**Exercise**
Using the entries that follow, transcribe only the lines from the line with "thumbnail image 4" to the line with "Farm Animals Gardening", both included, exactly as they stand and without pictures.

Segment Start: Data

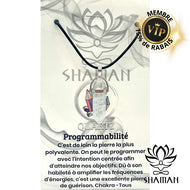 Quartz Double Pointe Sur Cordelette Pendentifs Shaman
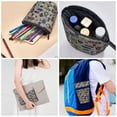 thumbnail image 4 of Lsque Bright Insects Pattern Telescopic Pencil Bag Pen Holder Stationery Case, Stand-up Retractable Transformer Bag Organizer, 4 of 6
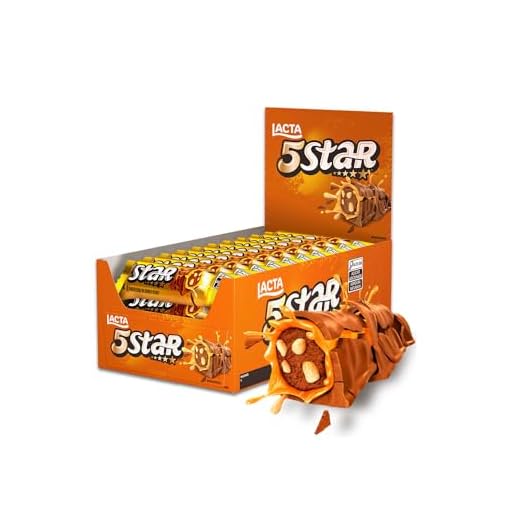 5 Star display com 18 unidades de 40g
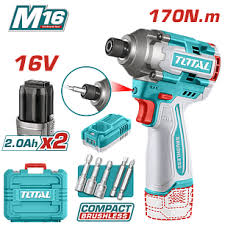 TOTAL TOOLS UTIRLI16178 ATORNILLADOR DE IMPACTO 1/4″ BAT 12V 170NM C/2 BAT 2.0AH + CARGADOR + MALETIN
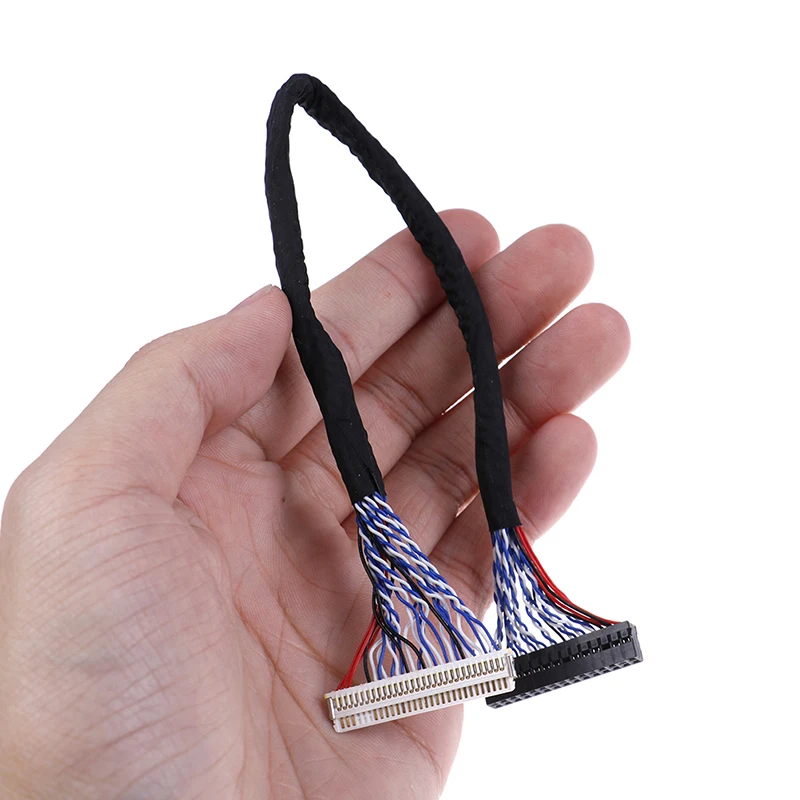 Кабель LVDS 8-битный 30 контактов 2 канала для ЖК-дисплея/светодиодной панели 17 19 22 26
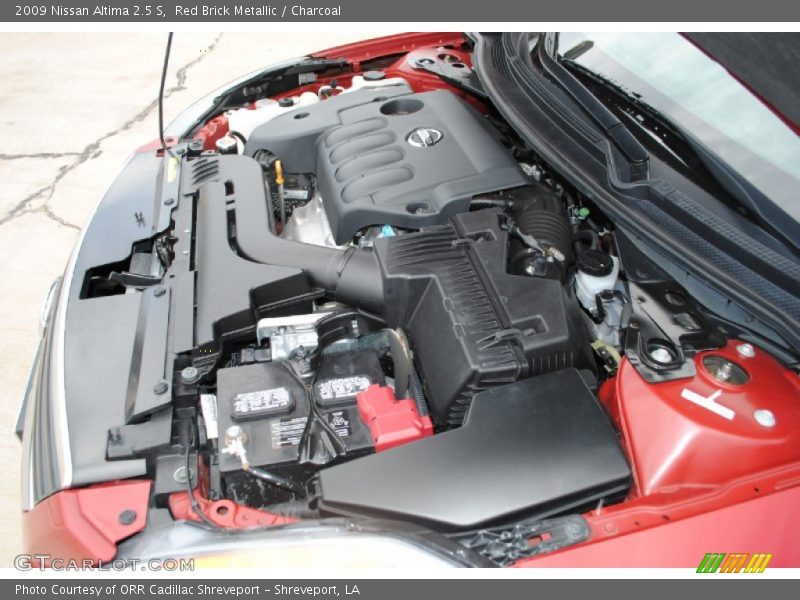 Red Brick Metallic / Charcoal 2009 Nissan Altima 2.5 S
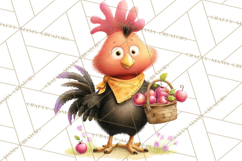 Farm Animals Gardening Clipart, Cute Farm Animal Garden PNG Product Image 3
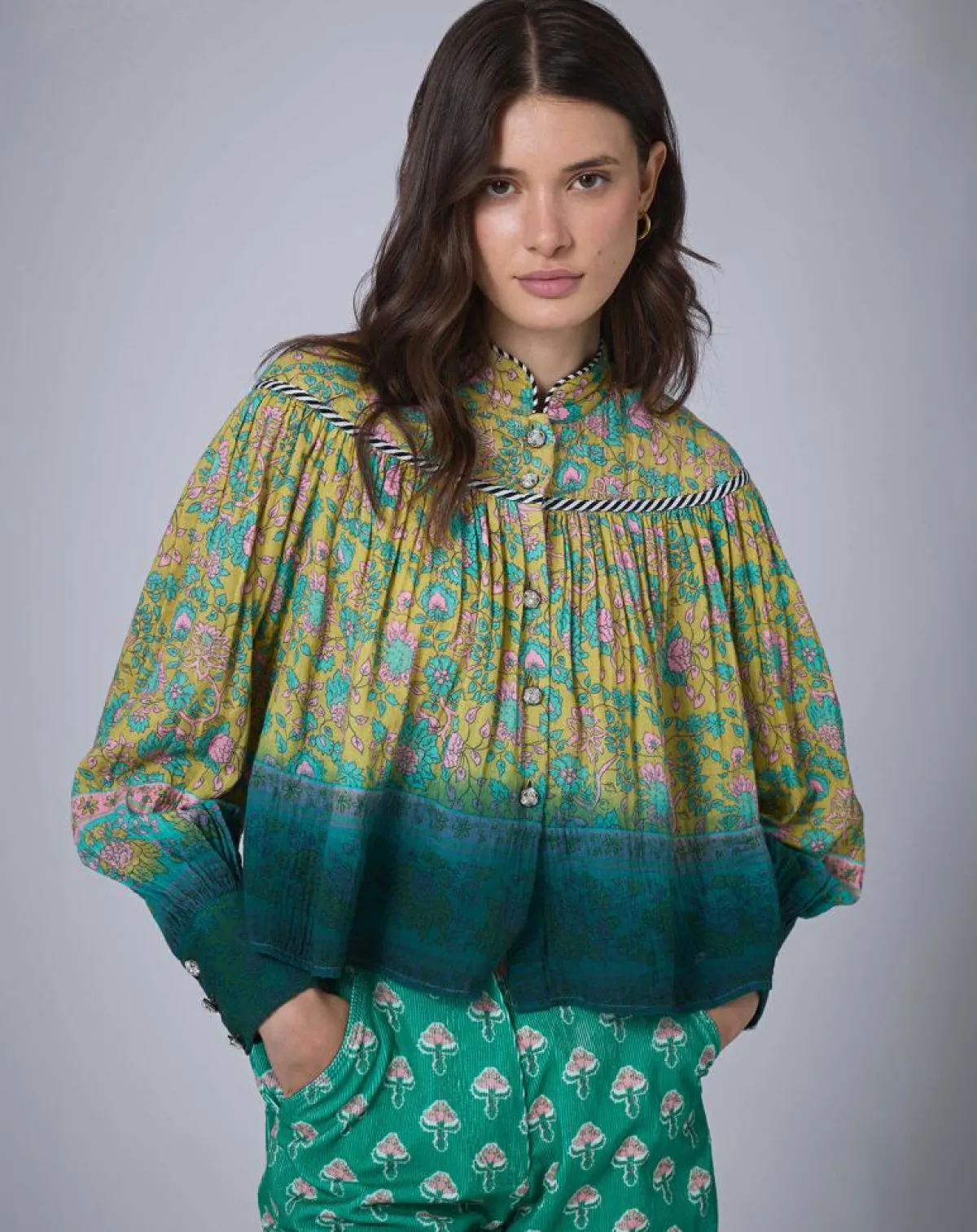 Manoush Tops Et Blouses|Top Bohemian Hindi kaki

Segment End: Data

**Exercise response**
 thumbnail image 4 of Lsque Bright Insects Pattern Telescopic Pencil Bag Pen Holder Stationery Case, Stand-up Retractable Transformer Bag Organizer, 4 of 6
 5 Star display com 18 unidades de 40g
 TOTAL TOOLS UTIRLI16178 ATORNILLADOR DE IMPACTO 1/4″ BAT 12V 170NM C/2 BAT 2.0AH + CARGADOR + MALETIN
 Кабель LVDS 8-битный 30 контактов 2 канала для ЖК-дисплея/светодиодной панели 17 19 22 26
 Red Brick Metallic / Charcoal 2009 Nissan Altima 2.5 S
 Farm Animals Gardening Clipart, Cute Farm Animal Garden PNG Product Image 3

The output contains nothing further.